One example for our problem:
The email address concerned is aaaaaaaa.bbbbbbbbbbbb-cccccccccccc@dddddddd.ee
. I have anonymized the address keeping the amount of characters the same.
When logging in with this address I can see in the account settings within the piler UI that the account has permission to view it's own e-mails The specific account does not have access to any additional alias or mail groups. It does not matter which search query is beeing entered - wether it is advanced search or normal search - there are always no results. Looking at the log the following sphinx query is shown as beeing executed:
SELECT id FROM main1,dailydelta1,delta1
WHERE MATCH('( @from aaaaaaaaXbbbbbbbbbbbbXccccccccccccXddddddddXee @to aaaaaaaaXbbbbbbbbbbbbXccccccccccccXddddddddXee ) & (@from aaaaaaaaXbbbbbbbbbbbbXccccccccccccXddddddddXee | @to aaaaaaaaXbbbbbbbbbbbbXccccccccccccXddddddddXee) ')
ORDER BY `sent` DESC
LIMIT 0,20
OPTION max_matches=1000
;
This is the result:
in 0.00 s, 0 hits, 0 total found
However when looking for mails that were sent from the concerned address to the concerned address while being logged in as auditor@local
the following sphinx query is being executed
SELECT id FROM main1,dailydelta1,delta1
WHERE MATCH('@from aaaaaaaaXbbbbbbbbbbbbXccccccccccccXddddddddXee @to aaaaaaaaXbbbbbbbbbbbbXccccccccccccXddddddddXee ')
ORDER BY `sent` DESC
LIMIT 0,20
OPTION max_matches=1000
;
This is the result:
in 0.00 s, 20 hits, 1835 total found
So the mails are correctly archived, otherwise I would not find them as auditor.

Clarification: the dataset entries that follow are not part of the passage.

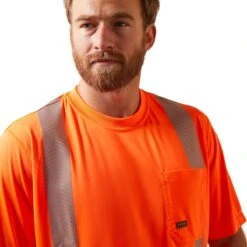 Ariat Rebar Workwear: Men's 10039195 Hi-Vis Orange ANSI T-Shirt -Work Clothes Store s22 mns work 10039195 detail04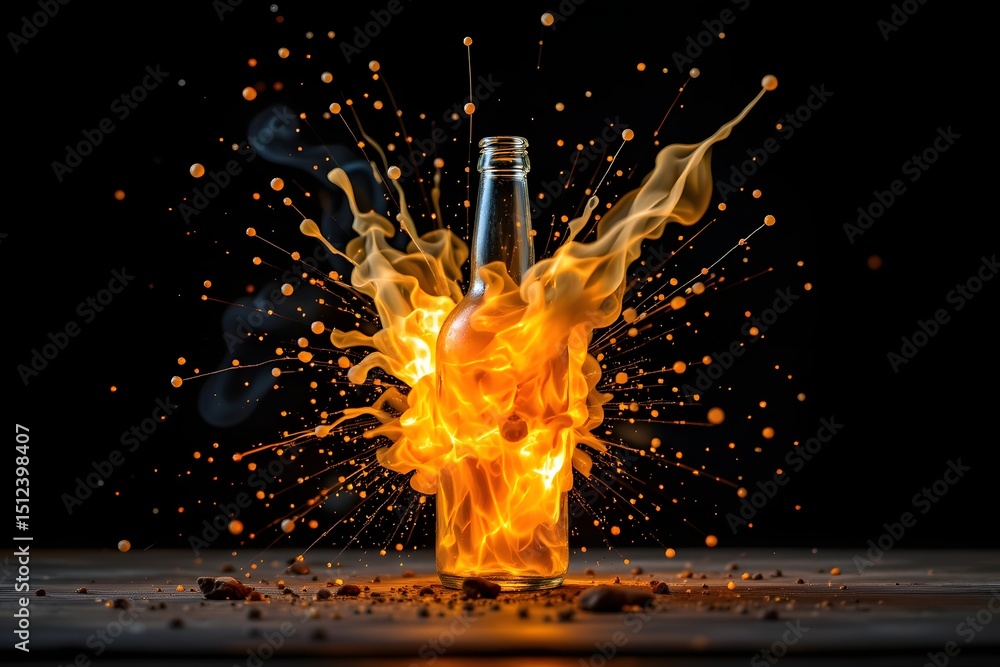 Poster exploding essence: an eye-catching photograph captures a moment of vibrant energy, with a bottle exp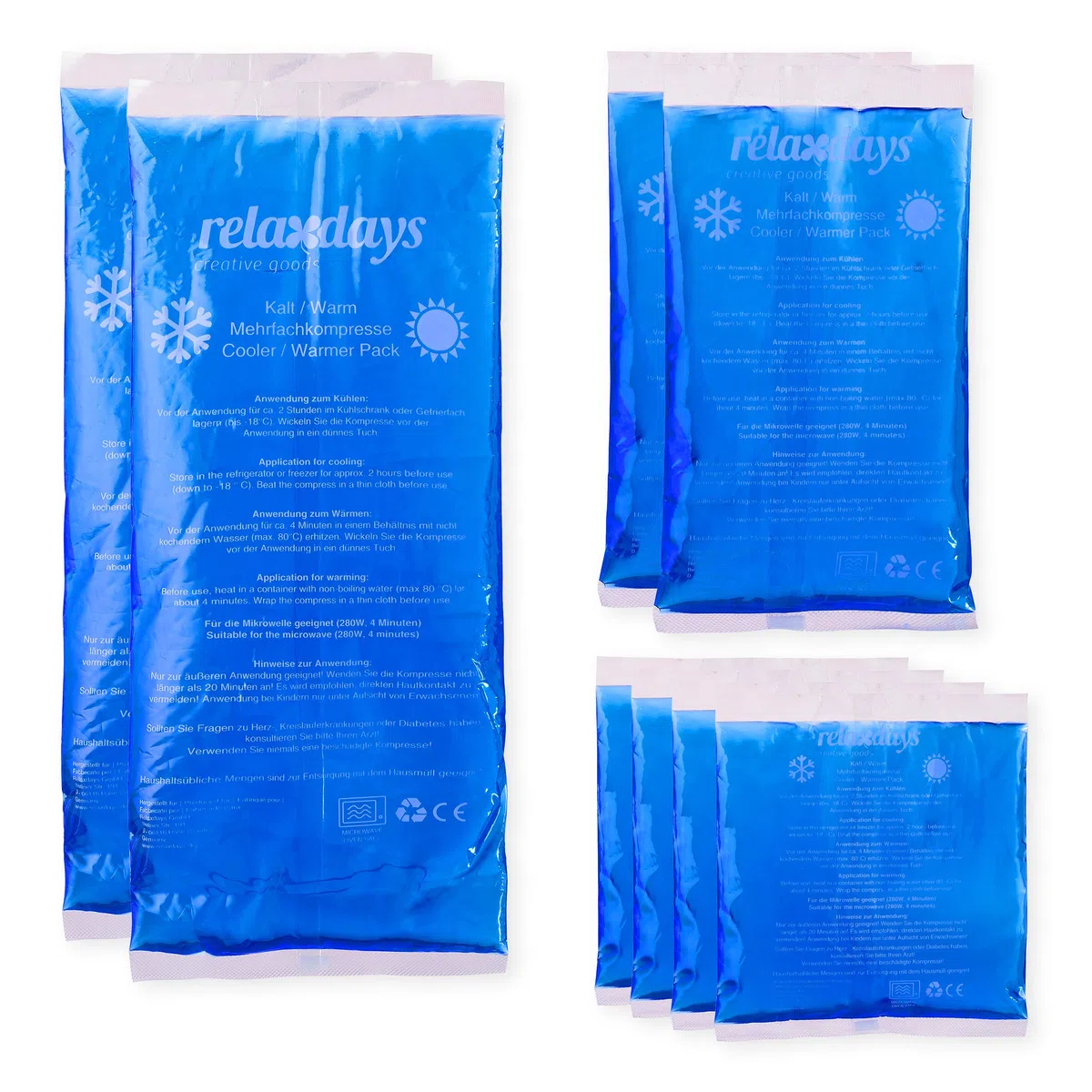 Relaxdays Ghiaccio Gel Termico, 8 Sacchetti, Primo Soccorso, 3 misure, Cuscinetti Terapia Caldo/Freddo, Sport, Blu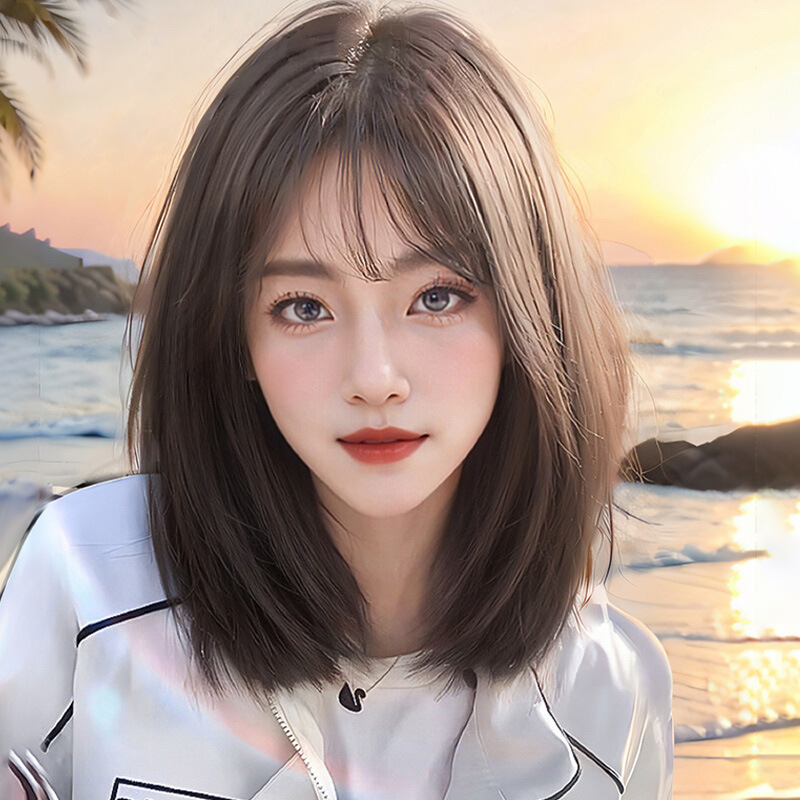Cross-Border Wigs for Women with Medium-Length Hair, Natural Short Hair, Collarbone-Length Hair, Fashionable Age-Reducing Realistic Full Human Hair Full Head Wig Style Cross-Border Wigs for Women with Medium-Length Hair, Natural Short Hair, Collarbone-Length Hair, Fashionable Age-Reducing Realistic Full Human Hair Full Head Wig Style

It does not matter if the query is being executed by piler or directly via the mysql command line connected to sphinx.
I have tried many combinations of e-mail addresses and my testing concluded that the bug arises as soon as the account has access to a address longer than 41 characters. The query length itself does not seem to be an issue because everything is working fine if I give an account access to 3 addresses with a combined length of far more than 41 characters.

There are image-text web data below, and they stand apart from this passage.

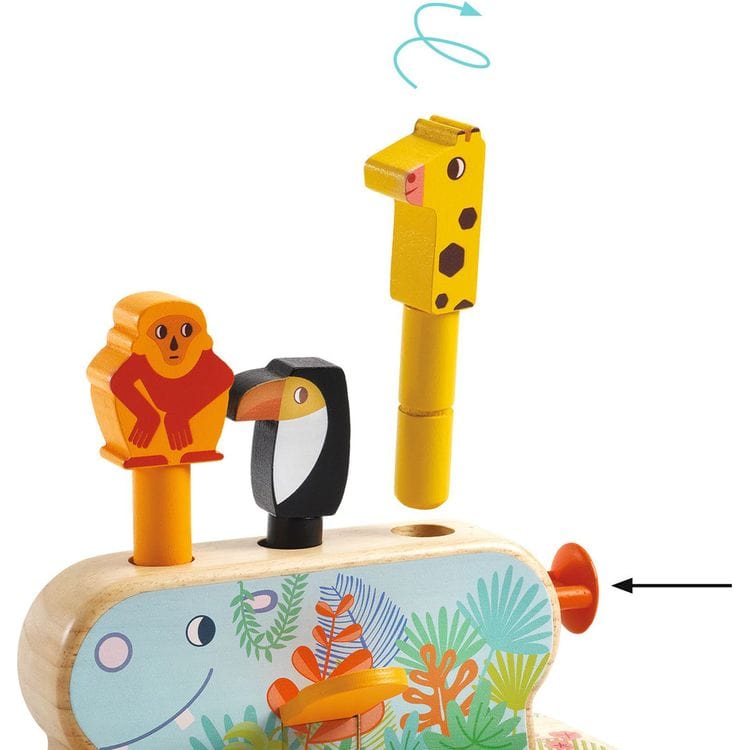 Djeco Infants Multi Pop Wooden Jumping Animal Activity Toy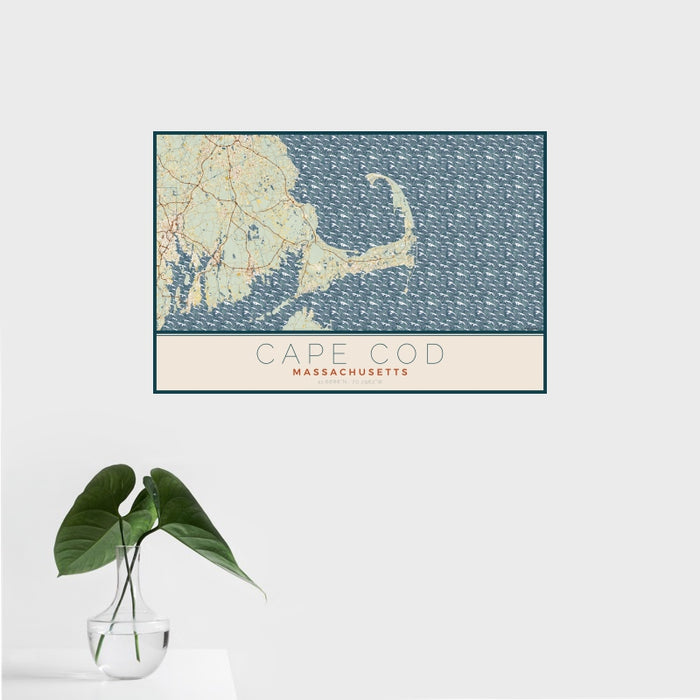 16x24 Cape Cod Massachusetts Map Print Landscape Orientation in Woodblock Style With Tropical Plant Leaves in Water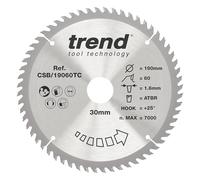 Trend Lame de scie circulaire ATBR 190 mm, 60 dents TCT, 30 mm alésage | Coupe des bois très fins : 60 dents TCT, trait de 1,6 mm, crochet +25°, alésage 30 mm CSB/19060TC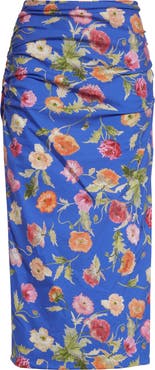 Carolina Herrera Poppy Print Ruched Pencil Skirt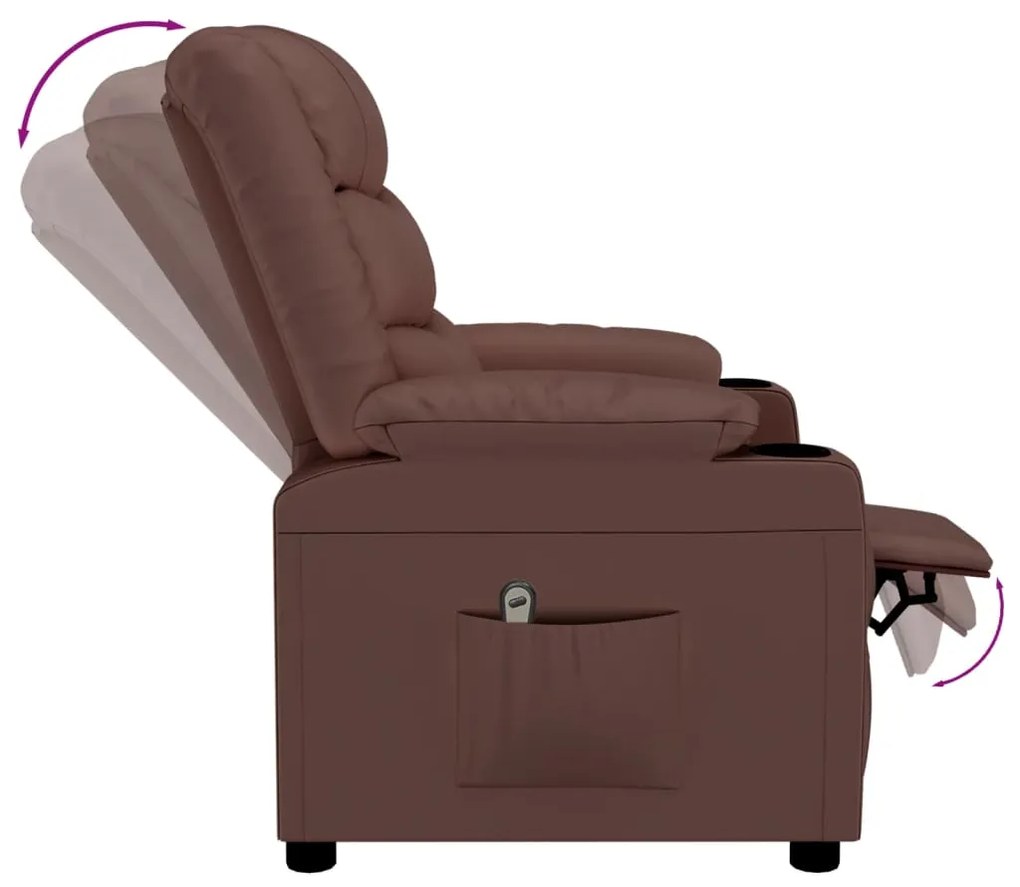 Poltrona reclinável elétrica couro artificial castanho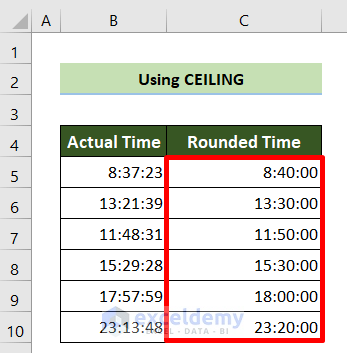 Use CEILING Function to Round Up Time in Excel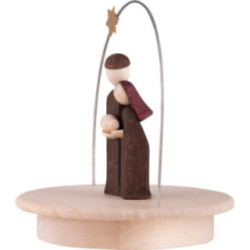 Heilige Familie mit Sternenbogen auf Sockel natur - 8,5 cm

I have looked through our sphinx.conf
file but I did not find any limitation that would obviously cause this issue. As you can see below we are using the default values of sphinx.conf
as shipped with piler. We did not adjust any config values besides enabling Sphinx 3.1.X
.
We are currently running Sphinx 3.1.1
and already tried Sphinx 3.2.1
but it did not resolve our problem and lead to a deprecation warning so we downgraded to 3.1.1
again.
Here is the Sphinx config we are using:
#!/usr/bin/php
<?php
define('SPHINX_VERSION', 311); // If you have sphinx-3.1.1, then set SPHINX_VERSION to 311
define('LOCALSTATEDIR', '/var');
define('NGRAM_CONFIG', " #ngram_len = 1\n #ngram_chars = U+3000..U+2FA1F\n");
# See http://sphinxsearch.com/wiki/doku.php?id=charset_tables for more on the charset_table settings
# The following settings contains English and some Latin extras
define('SPHINX_CHARSET_TABLE', "0..9, english, _, \
U+C1->U+E1, U+C4->U+E4, U+C5->U+E5, U+C6->U+E6, U+C9->U+E9, U+CD->U+ED, U+D3->U+F3, U+D6->U+F6, U+D8->U+F8, \
U+DA->U+FA, U+DC->U+FC, U+0150->U+0151, U+0152->U+0153, U+0170->U+0171, U+01E2->U+E6, U+01E3->U+E6, U+01FC->U+E6, \
U+01FD->U+E6, U+1D01->U+E6, U+1D02->U+E6, U+1D2D->U+E6, U+1D46->U+E6, \
U+DF, U+E1, U+E4, U+E5, U+E6, U+E9, U+ED, U+00F3, U+F6, U+F8, U+FA, U+FC, U+0151, U+0153, U+0171\n");
?>
#
# minimal sphinx configuration suited to piler
#
source base
{
type = mysql
sql_host = localhost
sql_db = piler
sql_user = piler
sql_pass = XXXXXXXXXXXXXXXXXXXXXXXXX
sql_attr_uint = size
sql_attr_uint = sent
sql_attr_uint = attachments
}
source delta : base
{
sql_query_pre = SET NAMES utf8mb4
sql_query_pre = REPLACE INTO sph_counter SELECT 1, IFNULL(MAX(id), 0) FROM sph_index
sql_query_post_index = DELETE FROM sph_index WHERE id<=(SELECT max_doc_id FROM sph_counter WHERE counter_id=1)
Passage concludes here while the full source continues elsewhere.